Yarın insanlar tekrar cezaevlerine dönmeyecekler. Fakat değerli arkadaşlar,
Komisyonun getirdiği 327 sıra sayılı bu Kanun Teklifi inanılmaz paralarla
ilgili bir kanun teklifi ve bu paralar birilerine verilecek, üstelik de halktan
alınan vergilerle verilecek fakat bu olayın hakkı olan tartışma asla ve asla
burada yapılamadı. Yani burası… Kusura bakmayın ama şunu söylemek zorundayım:
Bu yasama süreci gerçekten, bir tarafıyla baktığımızda, dışarıdan baktığımızda
-açıkça söyleyeyim- komik, komik. Niçin komik? Şundan dolayı komik: “Efendim,
bu kanun teklifi 40 bilmem kaç milletvekili tarafından hazırlanmıştır.” Yanlış,
yalan, doğru da değil; hepimiz biliyoruz bunun böyle olduğunu. Başka yerde
hazırlanıyor, bürokratlar hazırlıyor, saraydaki birtakım insanlar hazırlıyor ve
buraya geliyor ve burada -Sayın Elitaş’ın o söylediği doğru- iktidar partisi ve
ortağıyla birlikte eller kalkınca o kanun teklifi geçiyor ama o kanunun ima
ettiği ağırlık nerede? Bu, söz konusu bile değil.

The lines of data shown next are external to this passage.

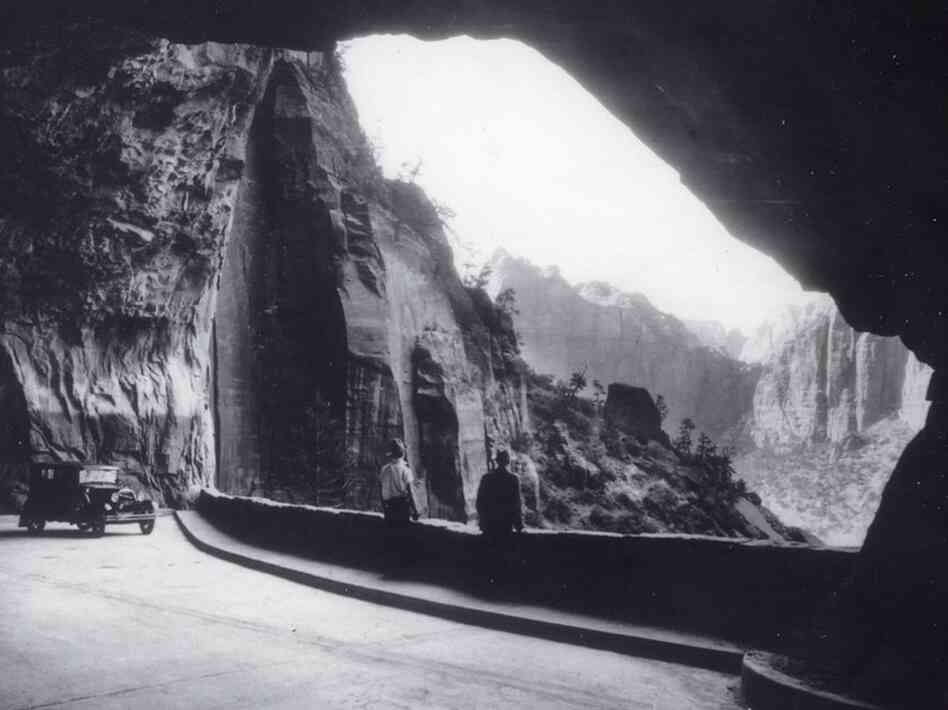 In the early days of Zion Tunnel, drivers could park at vast "windows" blasted in the canyon walls and gaze out at the steep red rock cliffs of Zion National Park. Credit:  Utah State Historical Society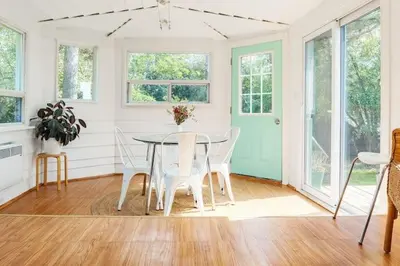 a dining room with a table and white chairs at Grays Lane - Minutes to Sandbanks in Bloomfield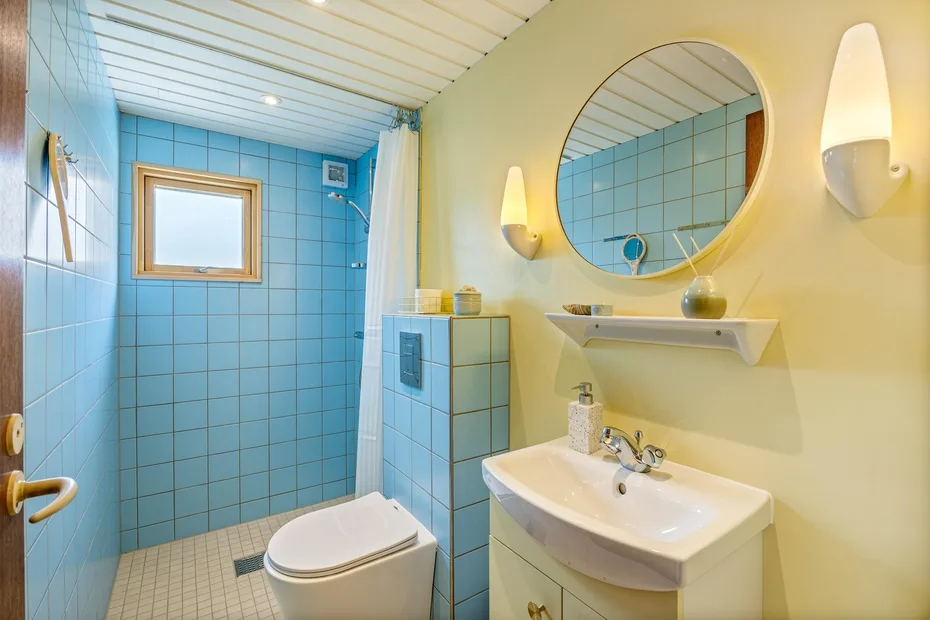 Un baño con azulejos, lavabo, inodoro y espejo redondo.
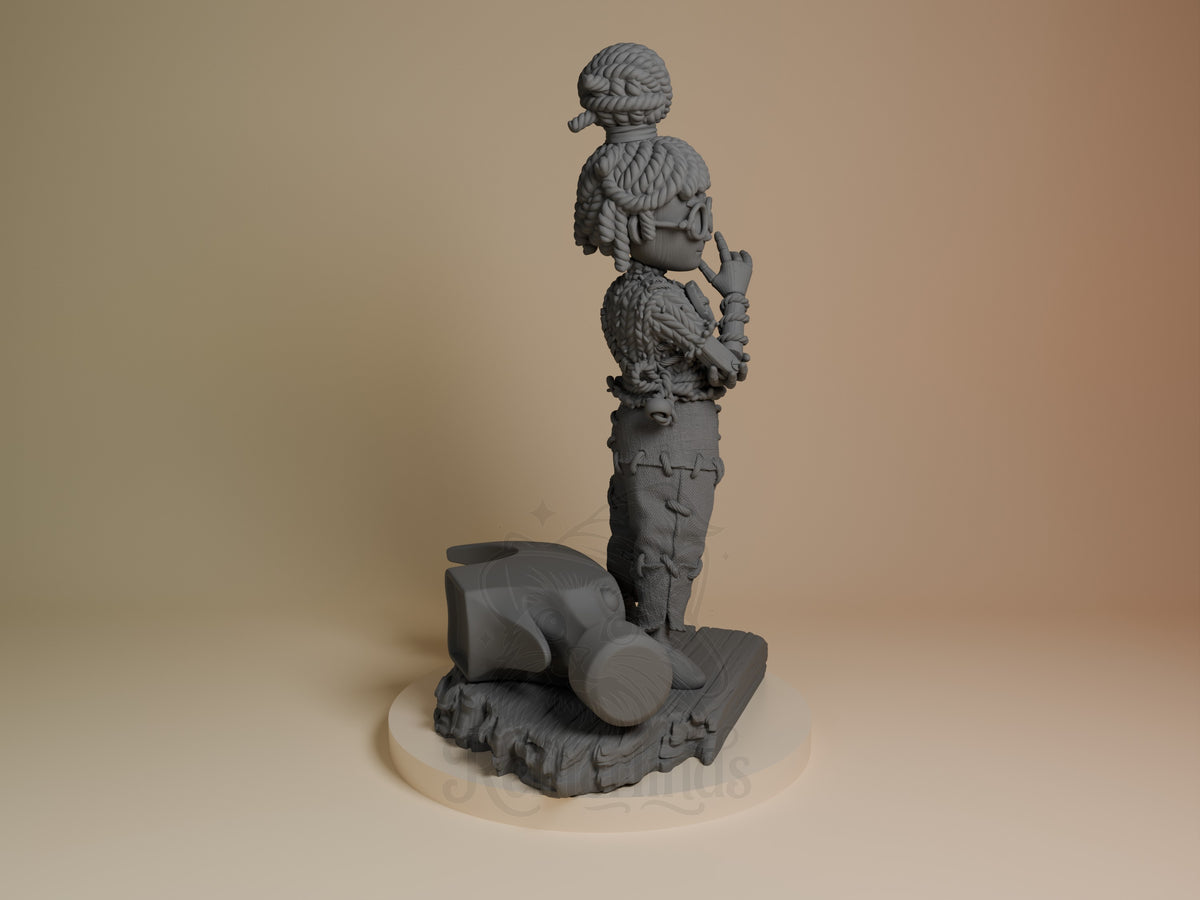 May from Two Are Needed resin figure shown from the side, standing on decorative base with large cylindrical element, unpainted gray resin.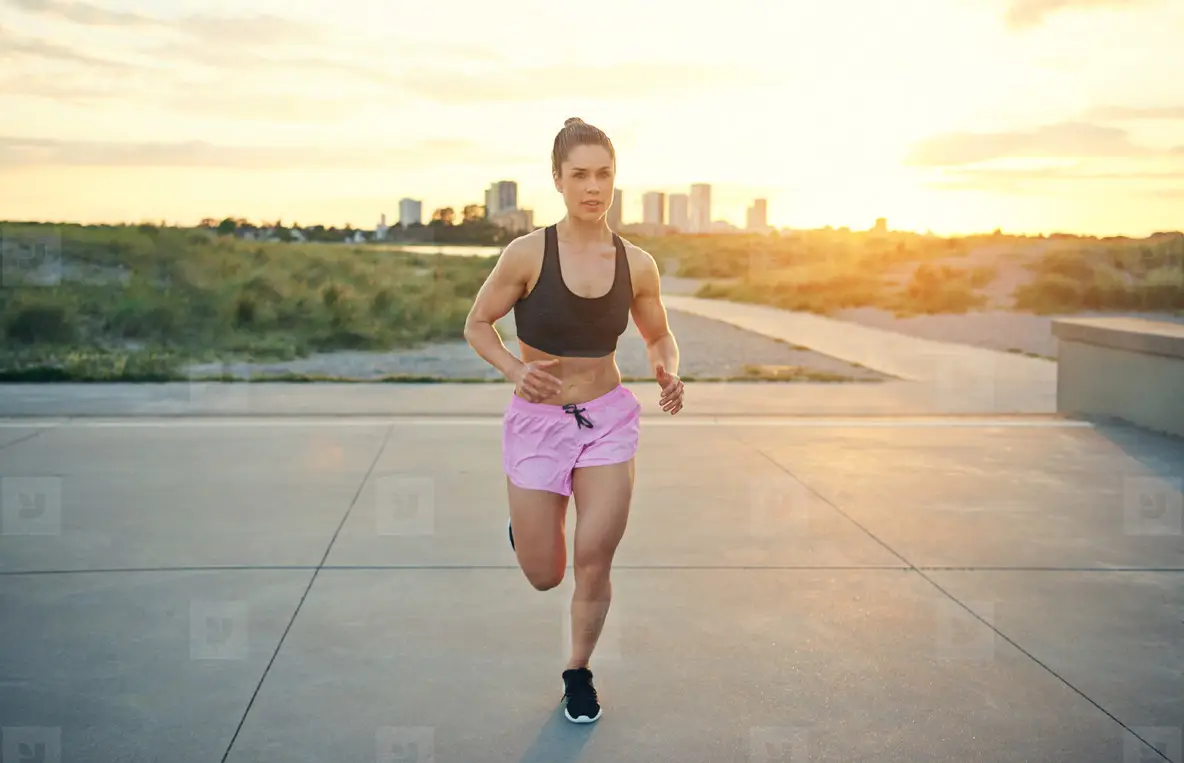 Muscular active woman working out running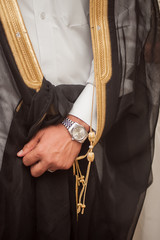 Arab groom with watches at his wedding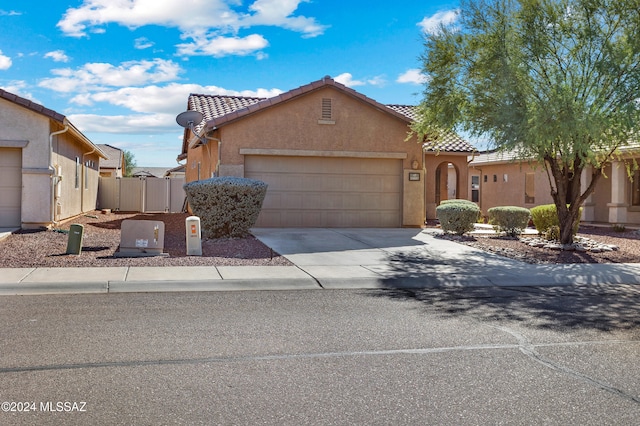 view of front of home with a garage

Şimdi, değerli arkadaşlar, bu çıkaracağımız kanunla
birçok insan zengin olacak, servetlerine servet katacak ve birçok insan da
yoksullaşacak. Bunun ağırlığına uygun tartıştık mı biz bunu? Ben Plan ve Bütçe
Komisyonu üyesiyim, hayır, asla tartışmadık. Sorduğumuz soruların birçoğuna
cevap alamadık ama kanun teklifi buraya kadar geldi. Komisyon orada, Adalet ve
Kalkınma Partisi vekilleri… Ki gelen kanun teklifinin sahipleri, onlar yok,
onlar dışarıdalar. Arkadaşlar, böyle bir Meclis olur mu ya, elinizi vicdanınıza
koyun ya, böyle bir Meclis olur mu ya? Böyle bir karar, böyle bir ağırlığı olan
bir karar böyle yüzeysel ve ciddi tartışmalar içermeyen bir biçimde nasıl
çıkarılabilir ya? Bunu nasıl içinize sindirebiliyorsunuz? Emin olun, eğer
inancınız varsa bunun hesabını vereceksiniz -herkes için söylüyorum bunu- çünkü
bu, öyle bir şey ki birçok insanın hayatıyla ilgili kararlar veriyoruz ve bu
kararların gerektirdiği ciddiyeti asla ve asla burada görmüyoruz. Hiçbir zaman
-ben dört senedir buradayım- Plan ve Bütçe Komisyonunda gerçekten gerçekleri
konuşan bir konuşma görmedim. Bu kadar, horolop şorolop, hop, kanun teklifi
buraya geliyor; burada da zaten gördüğünüz gibi -görüyorsunuz- bu kanun teklifi
geçiyor, geçiyor.
Değerli arkadaşlar, bakın, bu maddede, şimdi konuşmam
gereken bu maddede kurumlar vergisiyle ilgili bir istisna talebindeler ve bu
istisna da şöyle bir talep: “Dolarınız varsa üç aylığına gidin, mevduat olarak
yatırın, sizin kazançlarınız hariç olmak üzere kâr ve faiz gelirlerinizden
herhangi bir kurumlar vergisi almayacağım.” diyor. Kurumlar vergisi almamak ne
demek ya, kurumlar vergisi almamak ne demek? Halkın verdiği vergilerle
toplanmış olan bir havuzdan siz bazılarını istisna tutuyorsunuz. Niçin? Çünkü
birilerine kaynak aktarıyorsunuz, bu kadar basit. Bunun gerekçesi ne olursa
olsun, değerli arkadaşlar, anlatmayın bana “Dolar kurunu şöyle tutuyoruz, böyle
tutuyoruz.” diye. Bunların hepsi palavra, kusura bakmayın. Bu Meclis benim
gördüğüm kadarıyla gerçekleri konuşamayan bir Meclis, gerçekleri konuşmuyoruz
değerli arkadaşlar.
(Mikrofon otomatik cihaz tarafından kapatıldı)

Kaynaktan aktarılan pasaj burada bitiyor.